Directed by: William Cameron Menzies, Marcel Varnel
Starring: Edmund Lowe, Bela Lugosi, Irene Ware, Herbert Mundin, Henry B. Walthall
Chandu the Magician (1932) used to be a very hard film to see. It wasn’t lost — or even mislaid — it was just in that curious limbo where nearly all Fox Films made before the merger with Darryl F. Zanuck’s 20th Century Pictures were sent. (Some Will Rogers, Shirley Temple, and Charlie Chan movies — all of which had been re-issued under the 20th Century Fox label — were the exceptions.) I had seen photos from it in the old “monster” magazines of the 1960s, but that was it — until a Washington D.C. TV station came up with something called Cinema Club 9 around 1971. They specialized in films from the early 1930s and had access to a package that included some Fox titles. A friend of mine lived in that area and recorded the films for me — and that means something different than what it means today. This was years away from the VCR, so when I say he recorded them, I mean he recorded the soundtracks and sent them to me. As a result, I heard Chandu the Magician nearly 20 years before I ever saw it. (Yes, we were a quaint primitive race of movie enthusiasts back then.) Now, you can pop onto Amazon and order it — along with two movies you probably don’t want — for about 12 bucks. Times change.
Whether or not Chandu the Magician is a horror film is open to debate. The movie — co-directed by designer William Cameron Menzies (he’s why Gone with the Wind looks like it does) and Marcel Varnel — was adapted from a radio series of the time. The show was apparently aimed at younger listeners, which has caused the film to be thought of as kiddie fare in some circles. The problem with that idea is that no one was making movies strictly for kids in 1932. It just wasn’t being done. The movie might be — well, okay, it is on the dopey side, but no went spent this kind of money on the effects in this picture on a kiddie picture. It’s rather like a serial and it works best if viewed as kind of naive precursor to Raiders of the Lost Ark — only a lot more compact and less full of itself. But is it horror? Well, it has Bela Lugosi as an evil mastermind wanting control of a death ray with which to either destroy or conquer the world (it seems to matter little which one), so I’m saying it qualifies.
The supposed star of the film is Edmund Lowe — a pretty big star at the time — as Frank Chandler, who has been initiated into the mysteries of the East, become a master yogi called Chandu. As luck would have it, his training ends just as the opportunity for saving the world from Roxor occurs. Seems Chandler’s brother-in-law, Robert Regent (Henry B. Walthall), has invented this death ray and Roxor has taken him captive to force him to reveal the secret of how to operate it. Since we are constantly told that Regent is some kind of big deal humanitarian, one might rightly wonder why he invented the damn thing in the first place, but the movie isn’t heavy on logic. Just go with it. This, after all, is a movie in which Chandu can deduce things on virtually no evidence so he can tell the viewer what’s going on. (“It means that Roxor can get nothing out of Robert and has kidnapped Betty Lou!”) Plus, come on, it’s a movie about a death ray, for Clapton’s sake.

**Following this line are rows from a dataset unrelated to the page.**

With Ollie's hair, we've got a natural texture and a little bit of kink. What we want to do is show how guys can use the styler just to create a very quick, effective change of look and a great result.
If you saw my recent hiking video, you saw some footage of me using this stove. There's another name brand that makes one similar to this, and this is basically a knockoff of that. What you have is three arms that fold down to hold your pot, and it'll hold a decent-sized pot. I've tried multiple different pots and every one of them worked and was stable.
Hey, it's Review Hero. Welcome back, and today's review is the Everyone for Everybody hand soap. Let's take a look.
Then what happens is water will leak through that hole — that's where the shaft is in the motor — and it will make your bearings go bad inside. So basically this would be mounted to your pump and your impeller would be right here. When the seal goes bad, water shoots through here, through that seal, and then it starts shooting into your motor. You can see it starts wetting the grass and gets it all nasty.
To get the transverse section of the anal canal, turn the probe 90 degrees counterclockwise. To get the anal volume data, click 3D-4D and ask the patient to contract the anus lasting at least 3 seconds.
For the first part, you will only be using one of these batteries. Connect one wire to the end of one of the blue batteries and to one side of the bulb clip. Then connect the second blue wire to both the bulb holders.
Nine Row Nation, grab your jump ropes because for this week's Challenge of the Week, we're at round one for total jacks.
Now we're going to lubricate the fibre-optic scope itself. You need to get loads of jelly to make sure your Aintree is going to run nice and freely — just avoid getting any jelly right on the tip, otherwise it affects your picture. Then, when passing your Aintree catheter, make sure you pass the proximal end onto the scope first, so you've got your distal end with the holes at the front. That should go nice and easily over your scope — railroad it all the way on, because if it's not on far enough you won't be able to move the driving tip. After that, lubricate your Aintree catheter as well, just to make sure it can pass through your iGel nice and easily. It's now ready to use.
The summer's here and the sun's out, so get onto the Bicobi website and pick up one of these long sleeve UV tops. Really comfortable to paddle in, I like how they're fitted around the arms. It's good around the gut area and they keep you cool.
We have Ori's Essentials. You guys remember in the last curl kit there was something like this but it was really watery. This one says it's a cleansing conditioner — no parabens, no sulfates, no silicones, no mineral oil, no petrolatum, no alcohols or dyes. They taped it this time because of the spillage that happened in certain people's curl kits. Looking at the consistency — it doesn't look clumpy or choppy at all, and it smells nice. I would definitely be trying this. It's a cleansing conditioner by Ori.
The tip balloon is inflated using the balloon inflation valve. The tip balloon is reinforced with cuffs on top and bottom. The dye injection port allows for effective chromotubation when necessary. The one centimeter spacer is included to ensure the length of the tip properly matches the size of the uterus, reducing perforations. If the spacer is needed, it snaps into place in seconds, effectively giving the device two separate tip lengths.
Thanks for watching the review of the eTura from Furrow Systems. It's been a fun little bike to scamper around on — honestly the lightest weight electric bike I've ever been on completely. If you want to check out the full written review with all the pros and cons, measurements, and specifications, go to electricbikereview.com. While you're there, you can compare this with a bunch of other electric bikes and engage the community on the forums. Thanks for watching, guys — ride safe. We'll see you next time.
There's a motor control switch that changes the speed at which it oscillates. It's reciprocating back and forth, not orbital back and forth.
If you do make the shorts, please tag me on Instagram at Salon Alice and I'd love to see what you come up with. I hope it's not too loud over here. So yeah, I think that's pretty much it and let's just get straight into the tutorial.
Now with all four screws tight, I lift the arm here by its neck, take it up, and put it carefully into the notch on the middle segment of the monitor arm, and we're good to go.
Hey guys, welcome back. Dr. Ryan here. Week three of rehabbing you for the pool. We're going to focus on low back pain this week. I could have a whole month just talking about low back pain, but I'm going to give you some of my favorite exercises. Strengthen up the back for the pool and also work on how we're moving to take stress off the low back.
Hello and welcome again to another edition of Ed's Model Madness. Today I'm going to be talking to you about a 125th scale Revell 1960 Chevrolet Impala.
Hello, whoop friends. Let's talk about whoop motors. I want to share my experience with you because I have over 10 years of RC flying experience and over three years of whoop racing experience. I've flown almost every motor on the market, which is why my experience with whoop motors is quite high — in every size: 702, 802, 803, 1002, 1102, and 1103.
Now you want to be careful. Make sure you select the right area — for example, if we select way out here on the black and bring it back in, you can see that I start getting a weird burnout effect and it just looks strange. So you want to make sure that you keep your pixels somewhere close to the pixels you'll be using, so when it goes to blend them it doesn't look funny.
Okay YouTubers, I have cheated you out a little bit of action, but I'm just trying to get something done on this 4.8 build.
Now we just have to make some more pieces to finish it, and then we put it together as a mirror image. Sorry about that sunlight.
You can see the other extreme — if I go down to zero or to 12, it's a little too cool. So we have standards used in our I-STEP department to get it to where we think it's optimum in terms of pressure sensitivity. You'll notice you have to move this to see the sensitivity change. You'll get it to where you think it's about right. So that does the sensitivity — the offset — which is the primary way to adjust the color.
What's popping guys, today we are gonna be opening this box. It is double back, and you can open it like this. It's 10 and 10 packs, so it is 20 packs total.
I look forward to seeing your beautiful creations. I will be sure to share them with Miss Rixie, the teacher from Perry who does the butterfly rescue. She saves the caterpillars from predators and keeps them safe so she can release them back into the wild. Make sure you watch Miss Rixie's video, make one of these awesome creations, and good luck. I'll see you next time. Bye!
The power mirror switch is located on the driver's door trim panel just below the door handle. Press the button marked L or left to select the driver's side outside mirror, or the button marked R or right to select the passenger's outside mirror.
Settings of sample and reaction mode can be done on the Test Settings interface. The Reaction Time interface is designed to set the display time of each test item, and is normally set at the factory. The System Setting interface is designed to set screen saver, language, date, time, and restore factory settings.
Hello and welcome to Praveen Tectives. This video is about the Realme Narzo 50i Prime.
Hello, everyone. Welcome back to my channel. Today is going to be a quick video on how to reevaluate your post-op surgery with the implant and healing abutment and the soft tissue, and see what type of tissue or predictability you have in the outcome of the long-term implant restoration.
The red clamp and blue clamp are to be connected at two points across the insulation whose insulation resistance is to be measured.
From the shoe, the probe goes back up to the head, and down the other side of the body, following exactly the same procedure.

The real star of the film is Lugosi, and Roxor is one of his most deliciously evil — and over the top crazy — creations. There is not one sympathetic quality to the man — he’s just plain mean. His big dream is that people will worship him “as a god” once he has the death ray at his disposal. (Well, as a substitute for smiting folks with a lightning bolt, it ain’t bad.) The fact that — his big mad scene near the end — he fantasizes destroying Egypt (with “the greatest deluge since the Biblical flood”), Paris (“City of fools”), and England (“with its sacred traditions, its king, its navy”) leaves some question about who’s going to be left to do this worshipping, but madmen to bother themselves with such trifles. It’s the sort of thing that no one but Lugosi could do — and, boy, does he give it his all. A great film? No. But it’s one fun movie.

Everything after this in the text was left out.